Nâ-hak yere feryâd ediyor: âcize hak yok!
Yetmez mi musâb olduğumuz bunca devâhi?
Ağzım kurusun... Yok musun ey adl-i ilâhî!
en azından saygıyı hakeden şairdir. şiirlerini yargılayacak edebi bilgiye sahip olmadığımdan haddim değil iyi veya kötü demek, fakat bu ülkede bunca insanı manen birarada tutan değerlerden birisidir mehmet akif ve saygıyı hakediyor. salvador dali yahut picassonun resimlerinden bi bok anlamayan insanların sürrealizmi savunup ona saygı duyması gibi bişey belki bu yada nazım ın bazı şiirlerinin can sıkması gerçeği gibi belki.
mehmet akif ersoy eleştirilemez değildir tabi ki, eleştirin ama saygı seviyenizi koruyarak. şu anda saygı duyduğunuz onlarca kişiden daha fazla saygıyı hakettiği gerçeğini bilin.

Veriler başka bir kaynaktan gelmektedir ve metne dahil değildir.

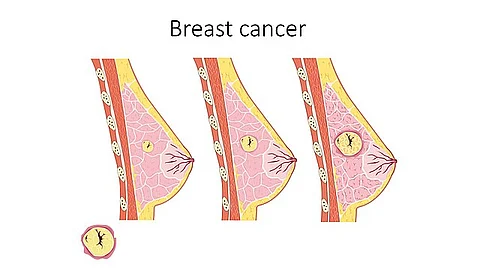 Both trastuzumab deruxtecan and trastuzumab emtansine are antibody-drug conjugates, a relatively new type of drug that delivers chemotherapy directly to the cancer cell, minimizing damage to normal tissues.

yaşadığı dönemde ülkesi alev alev yanan bir şairdi mehmet akif. o yüzdendir ergenleri toz pembe hayallere sürükleyecek şiirler yazmadı. tıpkı mustafa kemal' in söylediği gibi; söz konusu vatan ise, gerisi teferruattır.
adamcağız çalışmış, çabalamış, milli mücadeleye katkı sunmuş, vatanın ve milletin selameti için kafa patlatmış, düşünür, edip, şair, eğitimci, yazar, alim ve entelektüel bir insandır, bütün bu emeklerden sonra kalksın birileri onun milyonda birini yapmayan veya yapamayanlar konuşsun, edep yahu demezler mi?
çanakkale savasında mısırda sürgündeyken yazdığı çanakkale şiirleri onun ne kadar büyük yazar olduğunu göstermiştir. görmediği bir savaşı kilometrelerce uzaktan yaşarmışcasına kalemiyle kağıda döken büyük usta kendini bilmezlerin diline düşücek adam olmadığından dikkate almayarak gülüyoruz.
(bkz: it ürür kervan yürür)
hayatında hiç aşk şiiri yazmamış ve devri düşünülecek olursa "safahat" gibi nadide bir esere vesile olmuş bir şairin değerinin idrak edilemediği gerçeğidir. evet, sevgilinizin ağzının suyunu akıtacak şiirler yazsaydı böylesine yüreklendirici, cesaret verici şiirler yerine, sanırım çok über, süper bir şair olurdu vesselam.
yazarının ne sıçmalasam da tepkisel ilgi toplasam dediği önermelerden bir incidir. ' vay bea her yazdığım muamma, her yazdığım olay' deyip motorunu soğutacaktır zira.
safahati okuyup beğenmemek hadi de şairine tırt diyebilmek normal bir durum değildir.
önermenin yazarı safahati okuyacağına olduğu gibi cildi makatından içeri soksaydı safahat hakkında daha fazla şey algılardı.
bir gün cemiyette m. akif ersoy' la dalga geçmek isteyen yeni yetme jonjon yazarlardan biri ' oo, üstadım bu ne hal!
maymuna dönmüşsünüz' der.
üstad da cevaben yüzünü duvara dönerek ' ne var bunda, bak şimdi de duvara döndüm' der.
şimdi bazı ilgi fukaralarının bu denli ucuzlaşabilmesi karşısında yüzümüzü gerçekten duvara dönmek istiyoruz.
shakespeare desek salyası akar, üstad' a tırt derken hiç yerinmiyor gevşek.
tek hakikat
Tek hakikat var, evet, bellediğim dünyada,
Elli, altmış sene gezdimse de, şaşkın şaşkın;
Hepimiz kendimizin, bağrı yanık, aşıkıyız
Sade ilanı çekilmez bu acayip aşkın
Hepsi de kafalarındaki olması gereken M.Akif'e laf söylendiği için direk eksiye basacak. şiirleri okumuş olduğundan filan değil; sadece ilkokuldan beri bir yobaz olarak yetiştiği için, ona öğretilenin tersi söylendiği için direk bilmeden atıp tutacak.
Kısacası, Mehmet Akif ersoy'un yazdığı tek şiiri bilen bir insan yorum yapmasın lan, sussun işte!
Dahası, madem Mehmet akif eleştiriliyor; ben de bir eleştiride bulunmak istiyorum: istiklal marşı'nın dinle ilgili kısmı hiç laik değil. Bu ezanlar ki yurdunun üstünde inleyecekmiş, dinin temeliymiş falan. LAn savaşmak için bile din sömürülüyor aq. Yaz adam gibi şiirine din bulaştırmadan işte! ölürdün sanki dini bulaştırmasan şu istiklal şiirine. Gerçi öldü zaten. *
herkesin görüşünün kendine saklanması gereken hadisedir. sen şair misin ki tırt diyebiliyorsun. ancak şiirlerini eleştirebilirsin bir yere kadar. öyle eleştirebilecek bir ehliyete sahip olduğunda anlarsın zaten.